Consider the extension as a short exact sequence of $A$-modules. $$ 0 \rightarrow A\rightarrow \overline{A}\rightarrow \overline{A}/A\rightarrow 0$$ This is telling us that, to get an integrally closed ring, we must extend $A$ by $\overline{A}/A$. We can think of $\overline{A}/A$ as the obstruction to $A$ being integrally closed.

Localization commutes with taking integral closures, so for $p$ any prime ideal in $A$, $\overline{(A_p)}=\overline{A}_{\overline{A}p}$. Since localization is flat, we see that $$ \overline{(A_p)}/A_p = \overline{A}_{\overline{A}p}/A_p = (\overline{A}/A)_p$$ So $(\overline{A}/A)_p$ is simultaneously measuring...

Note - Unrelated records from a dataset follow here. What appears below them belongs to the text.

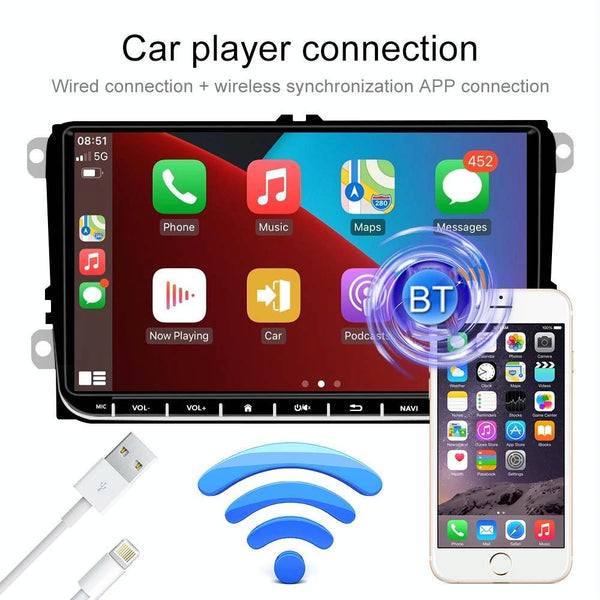 A2743 For Volkswagen 1+16G 9-inch Central Control Large Screen With Carplay Car Android10.0 Navigator Player, Style: Standard+12Lights Camera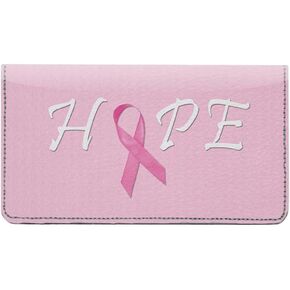 Find A Cure Designer Checkbook Cover, with Credit Card Slots and Pen Loop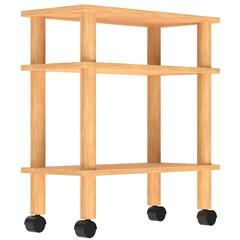 3D rendering illustration of a wooden utility cart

• the local contribution at $p$ to the global obstruction $\overline{A}/A$, and
• the obstruction to $A_p$ being integrally closed.

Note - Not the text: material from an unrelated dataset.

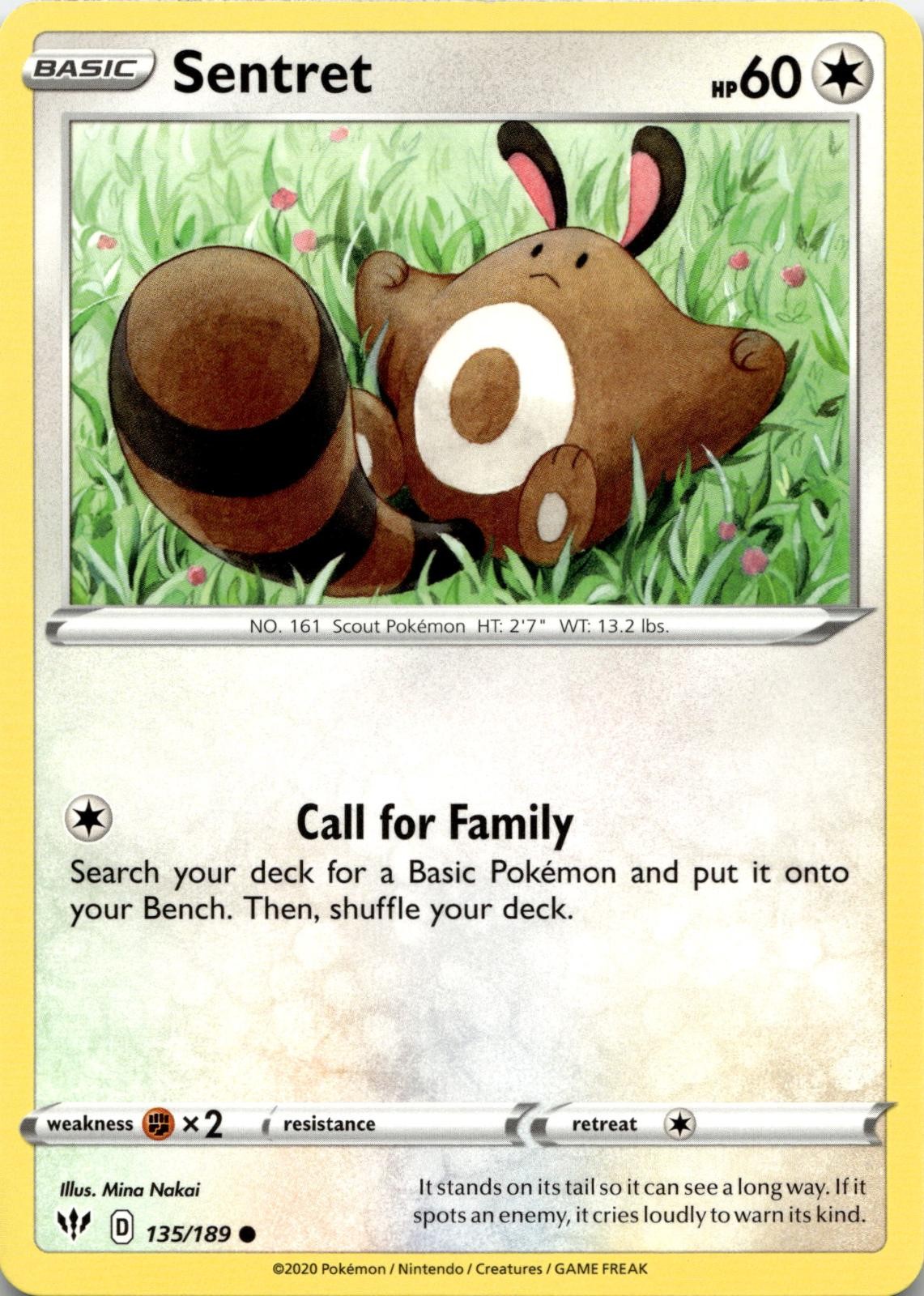 Sentret 135/189 Common Darkness Ablaze Pokemon Near Mint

In particular, $A_p$ is integrally closed (and $Spec(\overline{A}_p)\rightarrow Spec(A_p)$ is an isomorphism) at those primes where $(\overline{A}/A)_p=0$. This is the complement of the support of $\overline{A}/A$ (thought of as a coherent sheaf, if you prefer).

An equivalent definition of the conductor $I$ is the annihilator of the $A$-module $\overline{A}/A$. Thus, $Supp(I)=Supp(\overline{A}/A)$ is the complement of the set of primes where the normalization map is an isomorphism.